As has previously been identified, bilateral filtering of image data directly after forming the reconstructed image block can be beneficial for video compression. As described by Wennersten et al., it is possible to reach a bit rate reduction of 0.5% with maintained visual quality for a complexity increase of 3% (encode) and 0% (decode) for random access. See P. Wennersten, J. Ström, Y. Wang, K. Andersson, R. Sjöberg, J. Enhorn, “Bilateral Filtering for Video Coding”, IEEE Visual Communications and Image Processing (VCIP), December 2017, downloadable from: jacobstrom.com slash publications slash Wennersten_et_al_VCIP2017 dot pdf (hereinafter referred to as “[1]”). However, it was shown in subsequent work that it is possible to increase the performance of the filter by averaging the argument used to calculate the weight over a small area of 3×3 samples. See Y. Chen, et al., “Description of SDR, HDR and 360° video coding technology proposal by Qualcomm and Technicolor—low and high complexity versions” Document JVET-J0021 version 5 available at phenix.int-evry.fr/jvet/doc_end_user/documents/10_San%20Diego/wg11/JVET-J0021-v5.zip (hereinafter referred to as “[2]”). This way, more than 0.5% bit rate reduction can be achieved.
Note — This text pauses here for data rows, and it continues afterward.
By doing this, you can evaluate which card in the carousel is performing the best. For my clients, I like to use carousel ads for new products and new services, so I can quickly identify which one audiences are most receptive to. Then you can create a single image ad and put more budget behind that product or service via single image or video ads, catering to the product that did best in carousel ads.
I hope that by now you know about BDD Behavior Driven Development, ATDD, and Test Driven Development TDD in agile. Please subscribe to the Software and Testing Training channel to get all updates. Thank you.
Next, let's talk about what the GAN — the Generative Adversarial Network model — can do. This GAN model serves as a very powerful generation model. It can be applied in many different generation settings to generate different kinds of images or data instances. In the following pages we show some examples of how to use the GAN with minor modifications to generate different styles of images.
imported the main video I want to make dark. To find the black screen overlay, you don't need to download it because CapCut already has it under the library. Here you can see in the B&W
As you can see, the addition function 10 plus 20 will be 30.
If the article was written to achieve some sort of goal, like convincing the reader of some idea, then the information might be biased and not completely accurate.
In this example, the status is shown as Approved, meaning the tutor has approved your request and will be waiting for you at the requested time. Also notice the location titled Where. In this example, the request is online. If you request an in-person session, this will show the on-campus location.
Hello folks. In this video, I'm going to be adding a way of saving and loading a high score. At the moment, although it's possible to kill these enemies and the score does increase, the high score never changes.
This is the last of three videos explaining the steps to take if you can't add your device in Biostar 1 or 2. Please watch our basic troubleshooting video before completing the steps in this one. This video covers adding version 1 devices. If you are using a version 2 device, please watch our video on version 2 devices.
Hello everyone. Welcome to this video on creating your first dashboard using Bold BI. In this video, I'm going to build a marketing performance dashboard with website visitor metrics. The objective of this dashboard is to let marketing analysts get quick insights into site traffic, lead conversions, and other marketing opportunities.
Even though the gain in terms of Bjontegard Delta rate (BD rate) is improved when averaging the argument used to calculate the weight (as in [2]), this comes at a cost. In [1], the argument was calculated from two intensity values I1 and I2 as |ΔI|=I1−I2|=abs(I1−I2), where abs or |⋅| denotes taking the absolute value. We will call each such operation an absdiff operation, since it requires both an absolute value calculation and a difference calculation (subtraction). In [2], instead of just one absdiff operation, nine such values are calculated and averaged. Even though nine such operations do not cost much in terms of number of CPU clock cycles, when they are in the inner loop of a filtering operation they become expensive. Likewise, even though a set of nine such operations do not cost much in terms of silicon surface area when implemented in a full custom ASIC, when many such sets must be instantiated in order to process many samples in parallel, it can become expensive. In [1] and [2], two weights are determined per filtered pixel, resulting in 18 absdiff operations per pixel.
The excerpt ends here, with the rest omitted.